Figure 2. The shortest pathway rule. STDP potentiates the shortest pathways and inhibits alternative connections (Wij, τij are the weight and axonal delay of the coupling from neuron j to neuron i). (A,B) Left: Initial situation. Right: After STDP. The link width corresponds to the synaptic strength. Presynaptic spikes in a unidirectional chain precede postsynaptic spikes and STDP potentiates synaptic couplings. (C) The shortcut from neuron N1 to N3 makes the coupling from N2 to N3 “unnecessary” and STDP depresses it. (D) Spikes in the network and evolution of synaptic weights.
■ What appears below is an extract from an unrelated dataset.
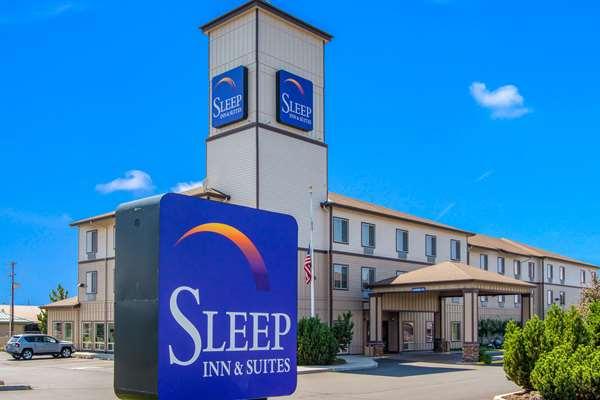 Sleep Inn & Suites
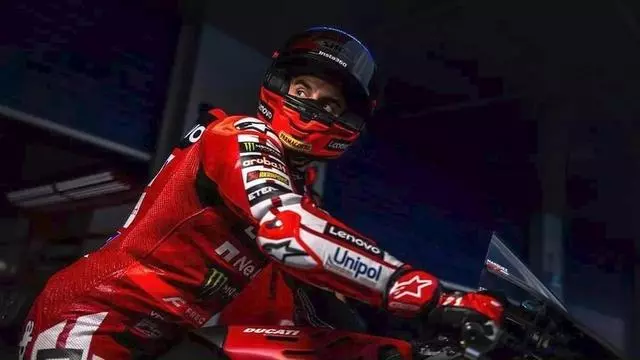 Márquez reveló su operación a su equipo en una emotiva charla: "Estoy pilotando con un brazo y medio"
However, if we add a new connection from the first neuron to the third one (Figure 2C), the weight dynamics changes crucially. Although all synapses are excitatory, the coupling directed from the second to the third neuron is depressed, while the other two are potentiated. This occurs because the axonal delay via the direct way N1–N3 (τ31, Figure 2C) is significantly shorter than the delay via the pathway N1–N2–N3 (τ321 = τ21 + τ32, Figure 2C). Thus, the first neuron makes fire directly the third one (which is also postsynaptic for w32), and its spikes appear ahead of the spikes coming from the second neuron (presynaptic for w32). Such an inverse sequence (Figure 2D) forces depression of the coupling w32 according to the STDP rule (the second term in the right-hand side of Eq. 7). We thus can formulate the shortest pathway rule:
• On the network scale, STDP potentiates the shortest neural pathways and depresses alternative longer pathways.
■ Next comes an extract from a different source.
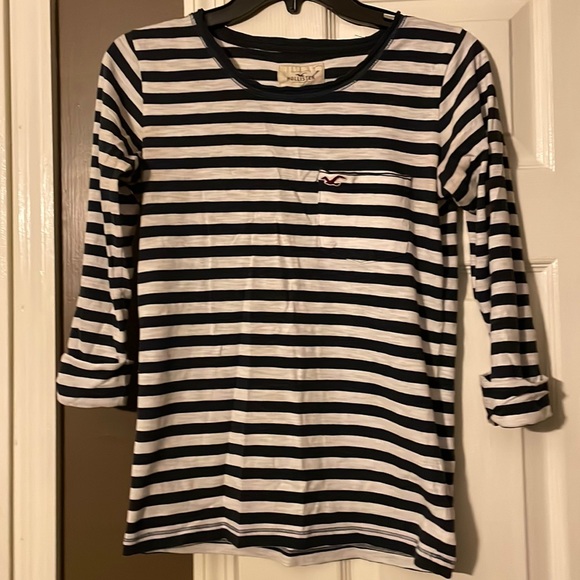 Hollister Tops - Cuffed 3/4 sleeve/front pocket T-shirt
SNN Exhibiting Non-trivial Associative Learning
Let us now employ the shortest-pathway rule to implement conditional learning in an SNN. Figure 3A shows a simple SNN consisting of four neurons, which can exhibit associative learning. The SNN receives two types of inputs: CS and US applied to neurons N1 and N3, respectively. To comply with the STDP protocol of paired stimulation, we assume that the US pulses arrive with a delay of 10 ms relative to CS pulses (see also Figure 1C).
Figure 3. Associative learning based on the spatial properties of STDP. (A) The initial SNN. (B) Potentiation of the coupling w31 and depression of w32 during simultaneous stimulation of neuron N3 and N1 (US pulses are applied with a delay of 10 ms relative to CS pulses in order to comply with the STDP protocol).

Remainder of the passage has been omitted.